Metaphors are VIVID.
One of the ways in which we create metaphors is to ask comparison questions.
How is _______ like _________.
Comparison is one of the 5 Common Topics. You do not have to compare two seemingly similar things. Metaphor, particularly, is the comparison of two unlike things. A pen is like a pencil is not a metaphor. A pen is like a sword is a metaphor.
One of my favorite experiences this summer was at the Homeschooling from Rest Retreat when Jennifer Dow led us in a discussion comparing The Nightingale to Classical education.
Recently Andrew Kern asked "If the model for a school isn't the home, what is it?" He's known for his ambiguous, open-ended questions, but I had been pondering this a bit after watching The Liturgical Classroom and Virtue Formation with Jenny Rallens, so I timidly answered "a monastery?" Dr. Christopher Perrin chimed in a bit later with "A garden, museum, table and church--which is to say a monastery." This is a much fuller and more beautiful (and certainly less timid) answer. (And he tagged me in his answer, so I know I've "arrived." [wink])
I've been avoiding organizing and planning for the coming school year (paralyzed, really), but those four words have been running though my mind and heart: a garden, museum, table, and church. What do these mean? How would you model a school after these four elements? How would they inform your day or the content of your lessons? Are they physical realities or metaphorical? Both? How?
As these questions were swirling in my brain, I asked them on my Facebook page. Many friends joined in the discussion, and I wanted to share a bit of it here so that I could return to it again and again. It’s a long discussion, and I’ve only shared a portion here, but I hope it speaks into your life as you learn and teach your children (whether you homeschool or not).
[After this Facebook conversation I attended a Lost Tools of Writing workshop with Matt Bianco. He began our day by asking each attendee to share a metaphor for education. There was no time for explanation or discussion, but just reading all the metaphors on the board (more than thirty) was a powerful beginning to our day. We were able to make our own images and thoughts from the words. Journey, garden, window, feast. Climbing a mountain.]

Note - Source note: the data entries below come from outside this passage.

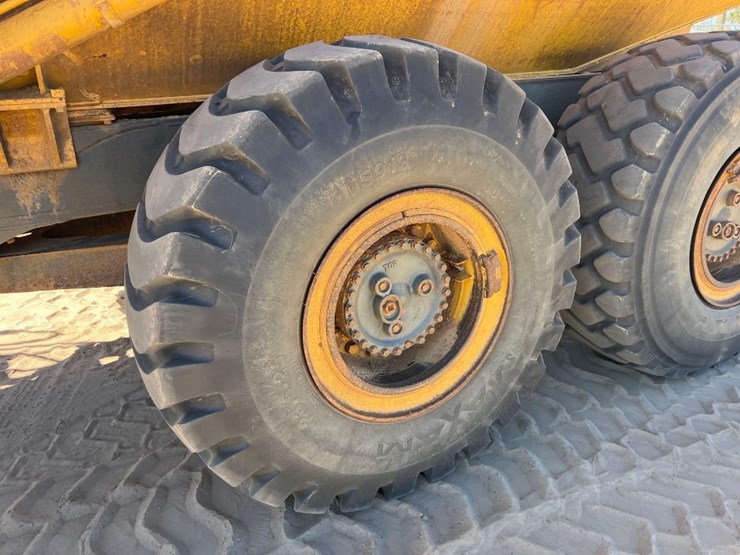 2014-komatsu-hm300-3-image-11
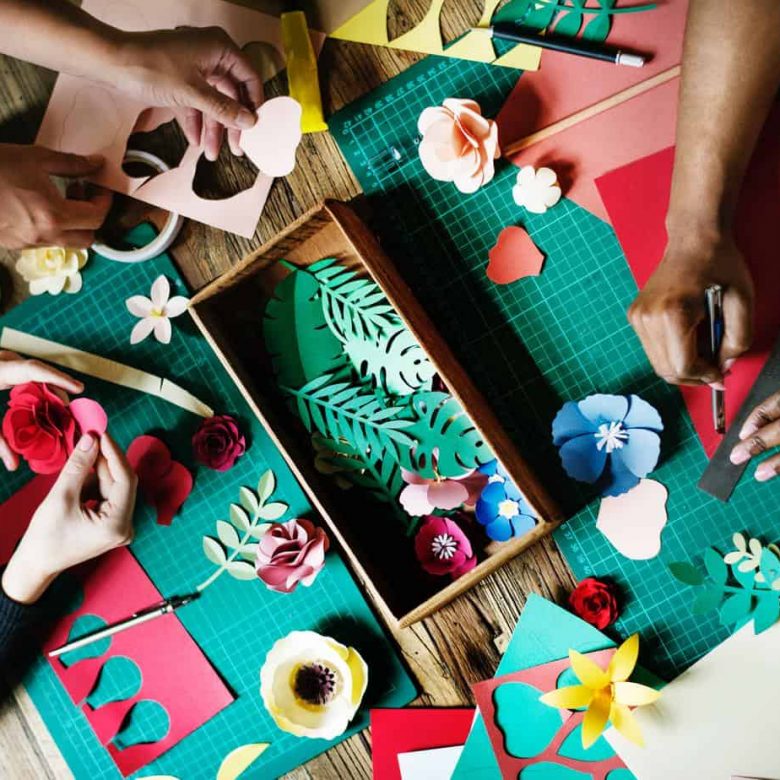 peoples doing art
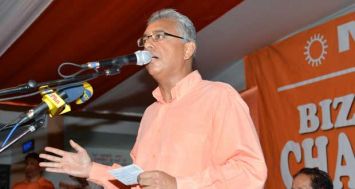 Alors que Pravind Jugnauth tente de rallier les partisans mauves à sa cause, treize membres de la régionale n°10 du MSM ont imité leur président, Sanjit Nuckshhed, qui a démissionné.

One of the questions that came up in discussion is whether the home is a better model for a school and whether a monastery is modeled after a home.
I realized that the reason “a monastery” feeds my imagination in ways that “home” does not is that it is outside of my own reality.
For me, the idea of home is maybe too close to home—it’s more difficult for me to be metaphorical and imaginative about something that is so much a part of my every waking moment that I can't see it from the outside. Harder to make a model out of home when I'm not currently "doing home" in the way that I should.
I do struggle with my own disobedience and the messiness of ordinary life. I feel like I need an image in my head to inspire and encourage me despite my failings. When I picture a home, it's either my home with its failings or a home that is not my home. When I picture a garden, a table, a museum, a church in the context of a monastery, they are not my home but can be applied to my home. It is a vivid metaphor for me.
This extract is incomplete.